Stored items from a collection
· · · ·
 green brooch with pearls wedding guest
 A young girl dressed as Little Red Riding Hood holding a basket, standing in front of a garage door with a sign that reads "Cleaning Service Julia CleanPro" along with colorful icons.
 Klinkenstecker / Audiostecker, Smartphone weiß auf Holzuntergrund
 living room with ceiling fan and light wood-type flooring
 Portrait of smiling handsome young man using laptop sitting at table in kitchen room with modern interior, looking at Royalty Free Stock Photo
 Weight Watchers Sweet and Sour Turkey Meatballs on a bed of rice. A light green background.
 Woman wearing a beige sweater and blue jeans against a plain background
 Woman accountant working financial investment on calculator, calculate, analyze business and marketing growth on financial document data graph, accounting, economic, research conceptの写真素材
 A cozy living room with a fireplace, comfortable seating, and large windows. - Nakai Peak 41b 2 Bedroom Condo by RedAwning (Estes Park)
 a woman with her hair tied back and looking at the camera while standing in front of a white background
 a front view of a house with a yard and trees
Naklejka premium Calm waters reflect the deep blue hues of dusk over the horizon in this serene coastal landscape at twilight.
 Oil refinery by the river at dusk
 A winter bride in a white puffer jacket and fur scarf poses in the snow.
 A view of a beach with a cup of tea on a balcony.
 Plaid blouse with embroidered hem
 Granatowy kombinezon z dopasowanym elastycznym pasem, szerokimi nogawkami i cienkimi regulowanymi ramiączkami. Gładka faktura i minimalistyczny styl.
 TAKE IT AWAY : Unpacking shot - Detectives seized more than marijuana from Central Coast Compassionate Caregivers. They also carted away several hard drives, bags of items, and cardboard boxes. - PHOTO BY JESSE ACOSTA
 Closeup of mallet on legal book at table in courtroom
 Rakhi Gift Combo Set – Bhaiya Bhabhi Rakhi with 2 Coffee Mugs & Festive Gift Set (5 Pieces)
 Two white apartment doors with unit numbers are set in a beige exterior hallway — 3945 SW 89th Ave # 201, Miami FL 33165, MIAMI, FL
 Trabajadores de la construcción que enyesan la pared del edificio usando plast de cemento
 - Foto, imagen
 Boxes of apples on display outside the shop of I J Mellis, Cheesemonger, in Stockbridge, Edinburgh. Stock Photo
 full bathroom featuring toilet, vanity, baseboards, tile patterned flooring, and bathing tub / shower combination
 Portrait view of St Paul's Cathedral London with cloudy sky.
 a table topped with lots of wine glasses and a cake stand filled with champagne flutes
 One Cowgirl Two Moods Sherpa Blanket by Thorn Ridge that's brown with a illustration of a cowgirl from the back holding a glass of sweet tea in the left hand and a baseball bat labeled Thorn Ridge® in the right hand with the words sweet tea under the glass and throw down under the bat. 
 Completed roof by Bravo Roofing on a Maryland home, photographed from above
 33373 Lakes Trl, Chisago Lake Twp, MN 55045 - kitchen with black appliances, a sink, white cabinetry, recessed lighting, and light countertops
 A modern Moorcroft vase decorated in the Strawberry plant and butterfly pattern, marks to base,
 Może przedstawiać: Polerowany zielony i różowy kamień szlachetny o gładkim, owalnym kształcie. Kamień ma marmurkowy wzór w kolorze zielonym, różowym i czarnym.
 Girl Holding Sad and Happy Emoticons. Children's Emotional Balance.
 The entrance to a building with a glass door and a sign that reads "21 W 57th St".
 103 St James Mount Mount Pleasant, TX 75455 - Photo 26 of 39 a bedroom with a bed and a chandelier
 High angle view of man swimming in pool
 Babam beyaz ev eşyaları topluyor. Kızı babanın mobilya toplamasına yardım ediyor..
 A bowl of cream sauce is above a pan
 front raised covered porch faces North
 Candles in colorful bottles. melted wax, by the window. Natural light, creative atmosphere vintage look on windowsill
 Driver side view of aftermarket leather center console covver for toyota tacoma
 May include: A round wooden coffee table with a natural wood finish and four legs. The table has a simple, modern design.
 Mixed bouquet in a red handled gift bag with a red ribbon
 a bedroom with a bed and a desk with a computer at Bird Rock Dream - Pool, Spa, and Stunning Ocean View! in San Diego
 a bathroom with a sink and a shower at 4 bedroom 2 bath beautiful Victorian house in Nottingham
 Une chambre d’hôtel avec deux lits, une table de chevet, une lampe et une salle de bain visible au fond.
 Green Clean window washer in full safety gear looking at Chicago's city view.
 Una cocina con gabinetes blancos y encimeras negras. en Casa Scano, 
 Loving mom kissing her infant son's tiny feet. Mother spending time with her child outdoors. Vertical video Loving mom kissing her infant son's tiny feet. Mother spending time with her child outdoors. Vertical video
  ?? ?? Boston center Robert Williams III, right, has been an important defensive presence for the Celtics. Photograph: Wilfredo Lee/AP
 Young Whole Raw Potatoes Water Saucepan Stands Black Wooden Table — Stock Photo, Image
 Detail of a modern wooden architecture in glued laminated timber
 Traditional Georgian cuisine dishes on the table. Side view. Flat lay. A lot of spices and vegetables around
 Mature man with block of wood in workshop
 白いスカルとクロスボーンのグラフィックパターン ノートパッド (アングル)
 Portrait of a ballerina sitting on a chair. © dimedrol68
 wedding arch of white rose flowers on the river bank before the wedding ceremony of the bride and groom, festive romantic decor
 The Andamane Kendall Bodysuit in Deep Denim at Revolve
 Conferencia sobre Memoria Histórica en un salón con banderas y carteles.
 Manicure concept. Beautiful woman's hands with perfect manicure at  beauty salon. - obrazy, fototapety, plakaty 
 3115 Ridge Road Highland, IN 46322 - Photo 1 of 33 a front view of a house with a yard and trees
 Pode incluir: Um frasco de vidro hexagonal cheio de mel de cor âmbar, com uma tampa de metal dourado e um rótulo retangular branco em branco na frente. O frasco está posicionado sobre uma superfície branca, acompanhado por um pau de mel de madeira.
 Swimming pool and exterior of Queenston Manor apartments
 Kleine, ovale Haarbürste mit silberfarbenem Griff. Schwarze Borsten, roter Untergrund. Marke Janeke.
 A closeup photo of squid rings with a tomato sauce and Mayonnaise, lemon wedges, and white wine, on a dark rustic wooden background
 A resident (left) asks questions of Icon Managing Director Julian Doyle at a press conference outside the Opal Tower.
· · · ·
Problem requirements
Your answer must be every line from the entries that contains the string "dusk", copied as it stands.

The completed task
Naklejka premium Calm waters reflect the deep blue hues of dusk over the horizon in this serene coastal landscape at twilight.
 Oil refinery by the river at dusk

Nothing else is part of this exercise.